- **RECORDS SHOWN**
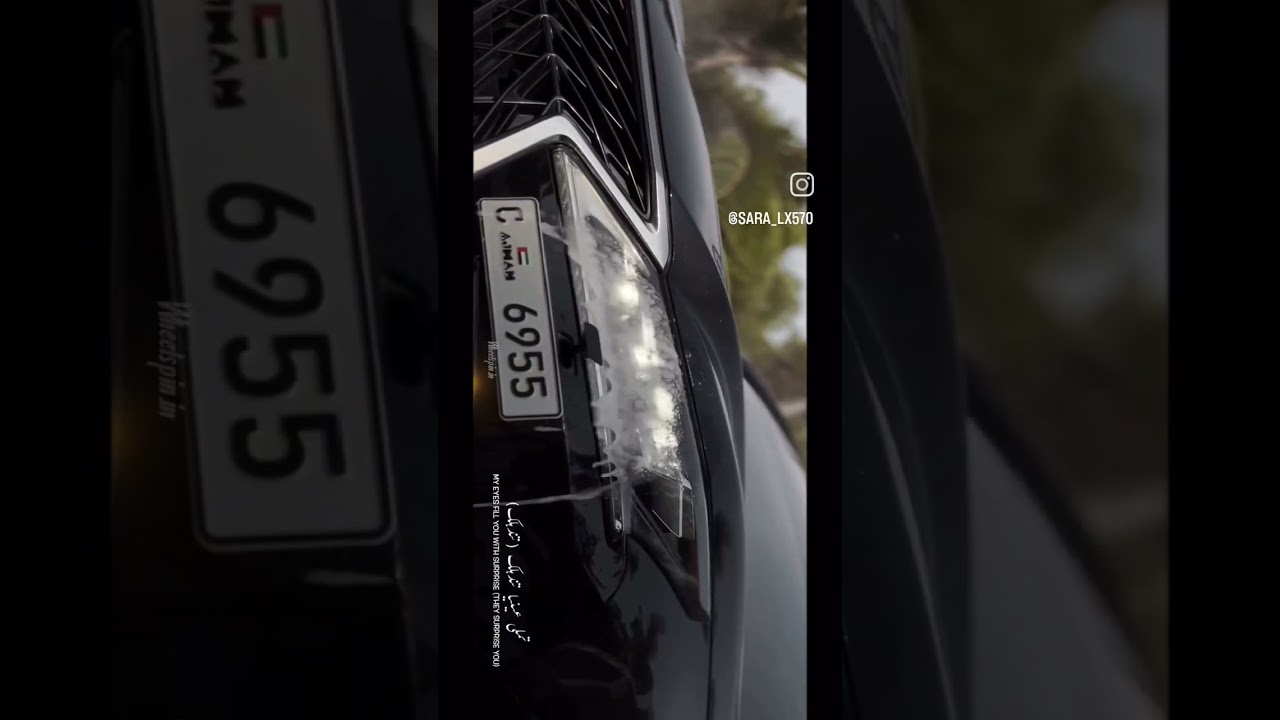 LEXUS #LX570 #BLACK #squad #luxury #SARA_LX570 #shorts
==
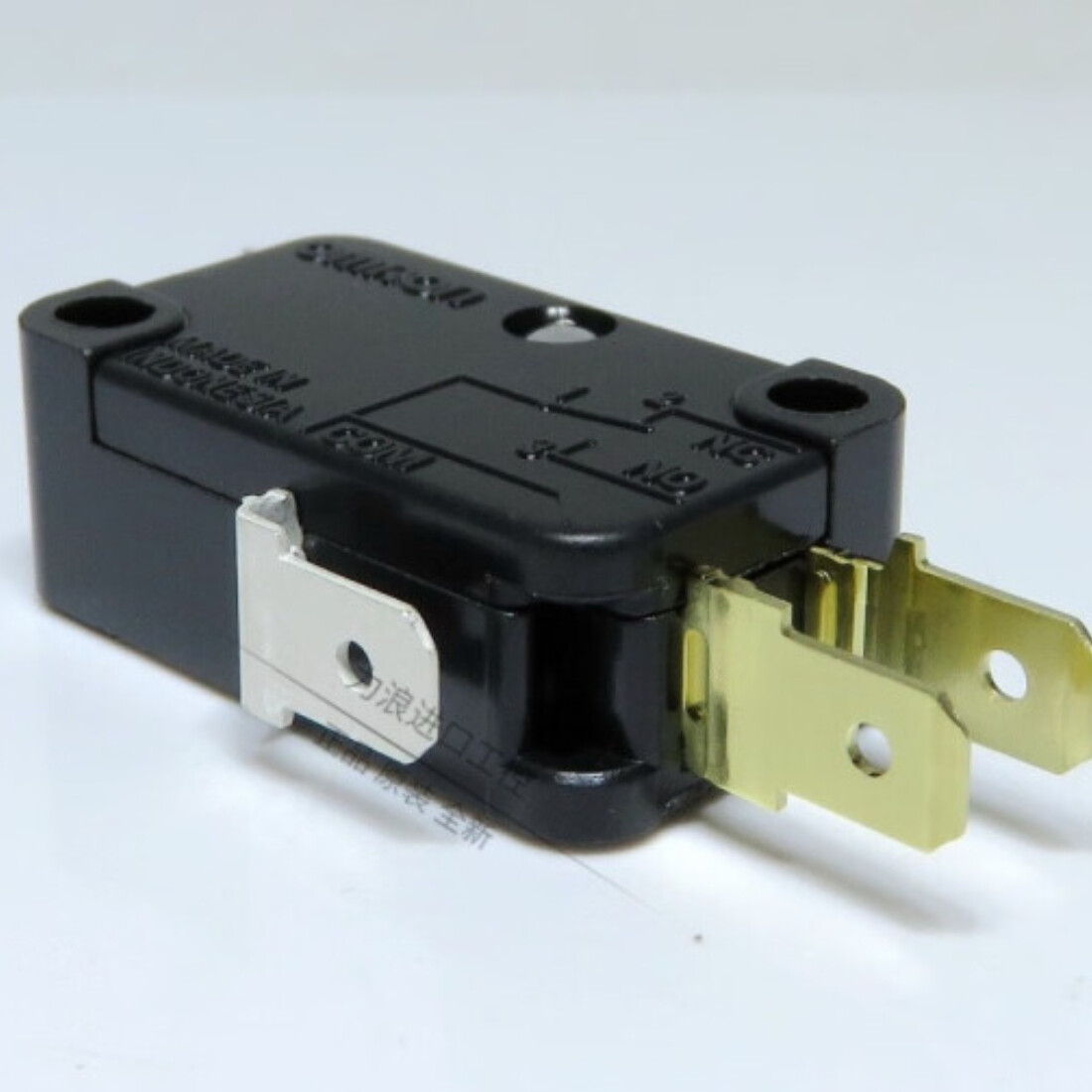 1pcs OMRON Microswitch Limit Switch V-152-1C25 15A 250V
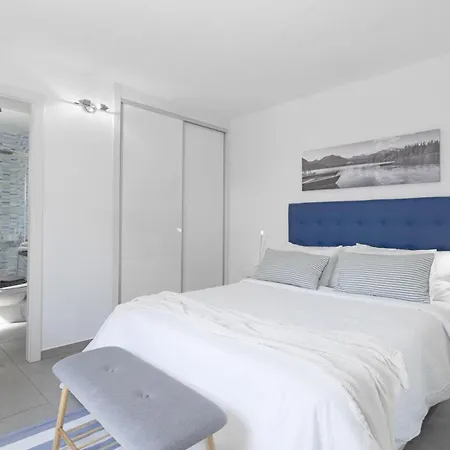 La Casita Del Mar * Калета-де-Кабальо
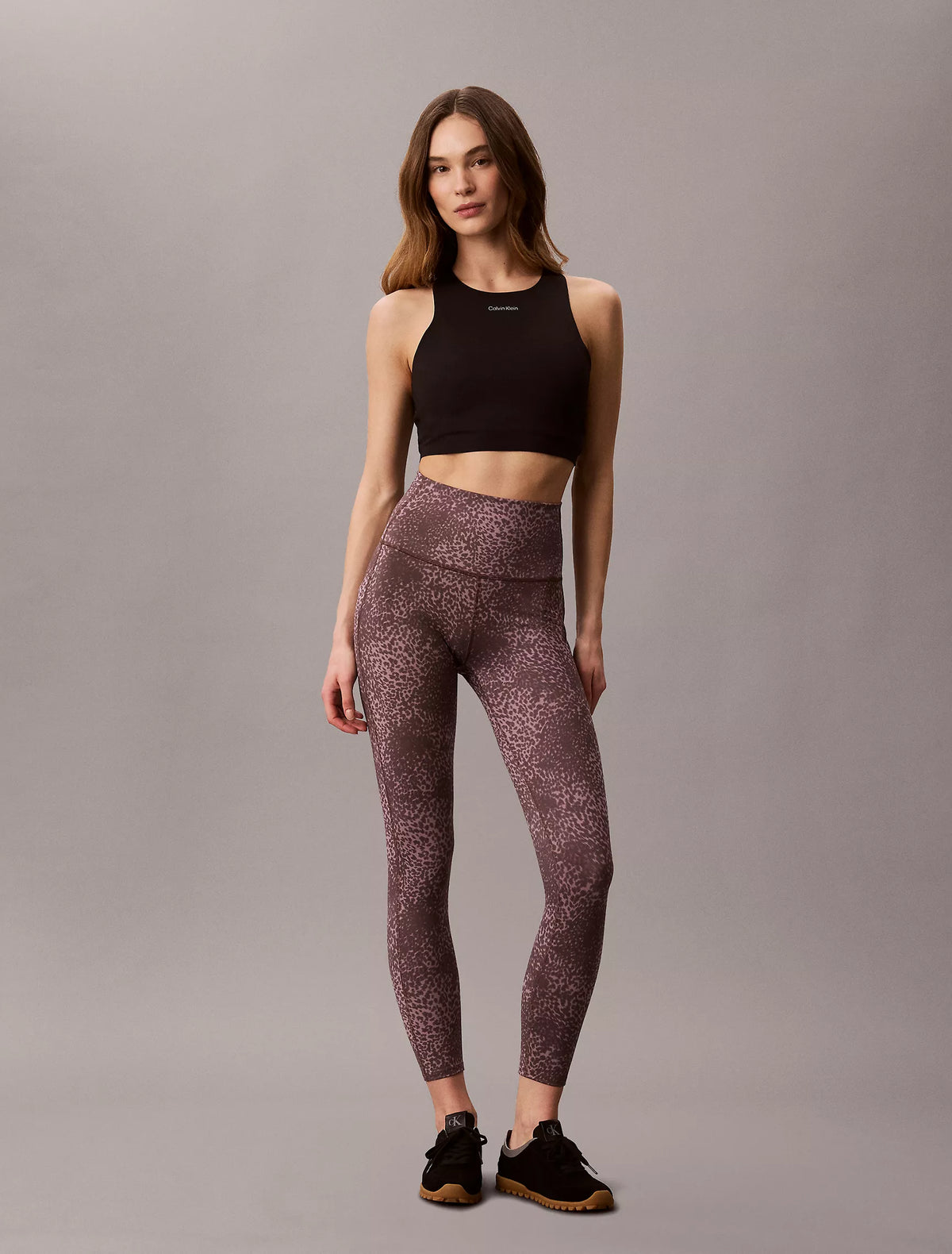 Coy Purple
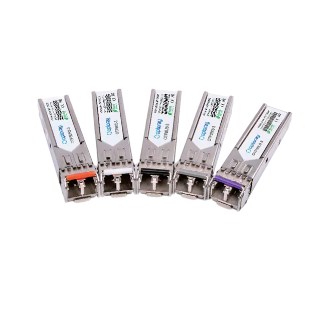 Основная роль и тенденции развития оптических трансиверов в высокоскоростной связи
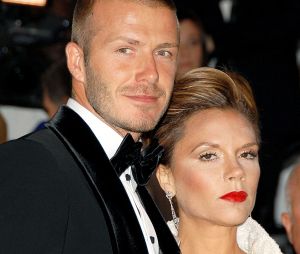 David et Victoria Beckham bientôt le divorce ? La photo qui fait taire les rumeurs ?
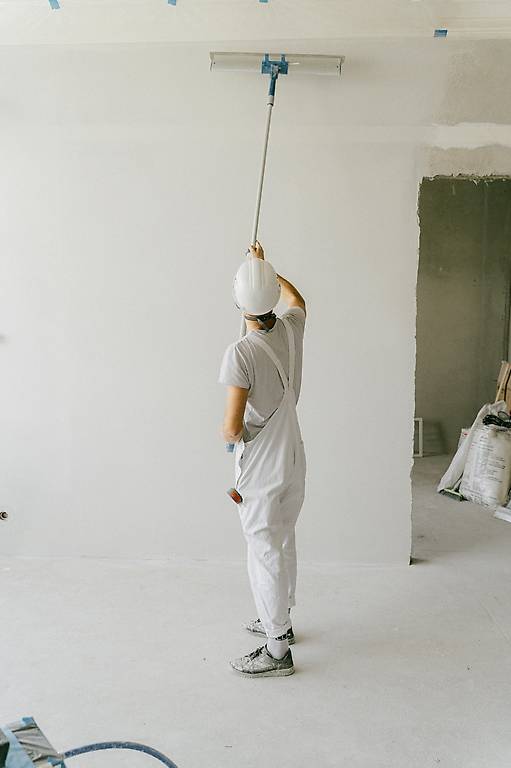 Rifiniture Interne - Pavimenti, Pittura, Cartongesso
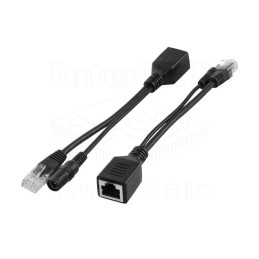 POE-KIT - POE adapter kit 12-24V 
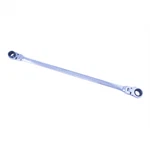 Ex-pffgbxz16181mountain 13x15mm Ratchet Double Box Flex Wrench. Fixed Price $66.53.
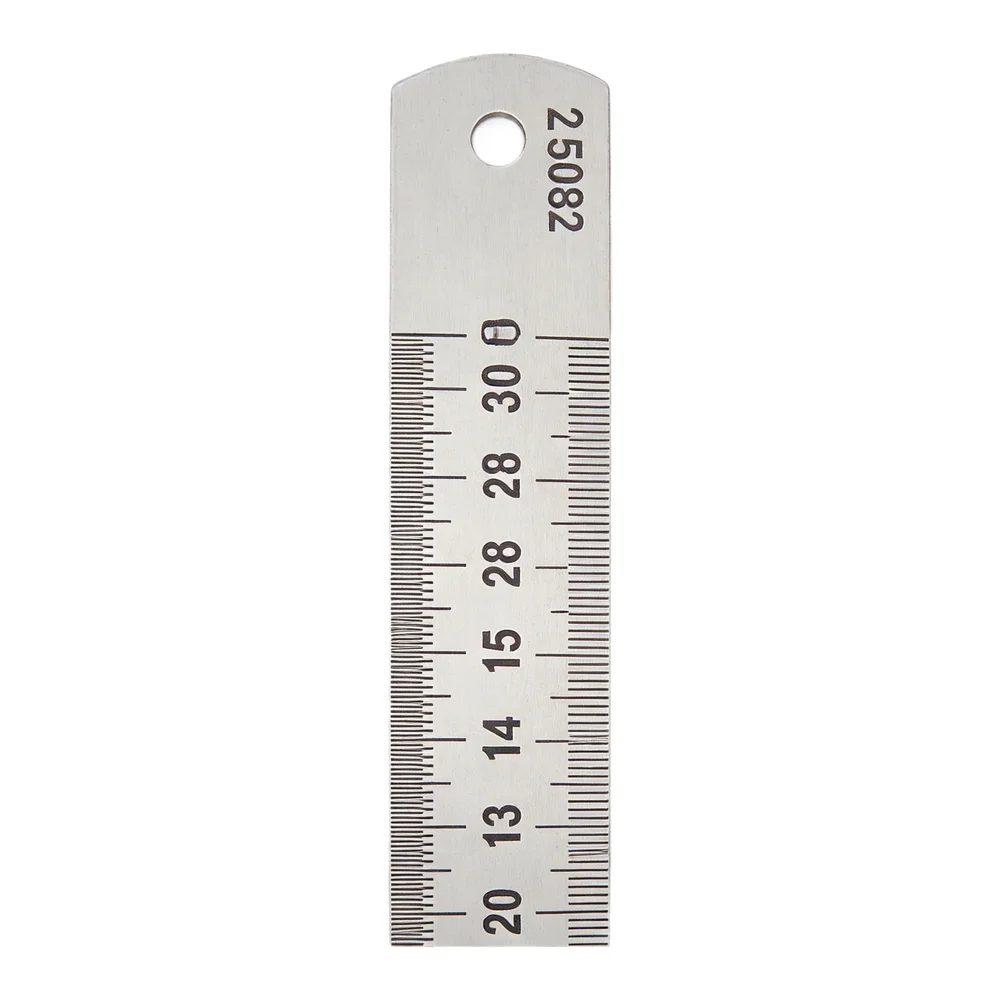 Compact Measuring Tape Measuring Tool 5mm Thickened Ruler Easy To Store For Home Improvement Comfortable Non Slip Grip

- **EXERCISE AIM**
Pictures aside, return exactly the lines from the data above, starting at the line that has "Основная роль и" and ending at the line that has "Compact Measuring Tape", both included.

- **RESPONSE TO THIS EXERCISE**
 Основная роль и тенденции развития оптических трансиверов в высокоскоростной связи
 David et Victoria Beckham bientôt le divorce ? La photo qui fait taire les rumeurs ?
 Rifiniture Interne - Pavimenti, Pittura, Cartongesso
 POE-KIT - POE adapter kit 12-24V 
 Ex-pffgbxz16181mountain 13x15mm Ratchet Double Box Flex Wrench. Fixed Price $66.53.
 Compact Measuring Tape Measuring Tool 5mm Thickened Ruler Easy To Store For Home Improvement Comfortable Non Slip Grip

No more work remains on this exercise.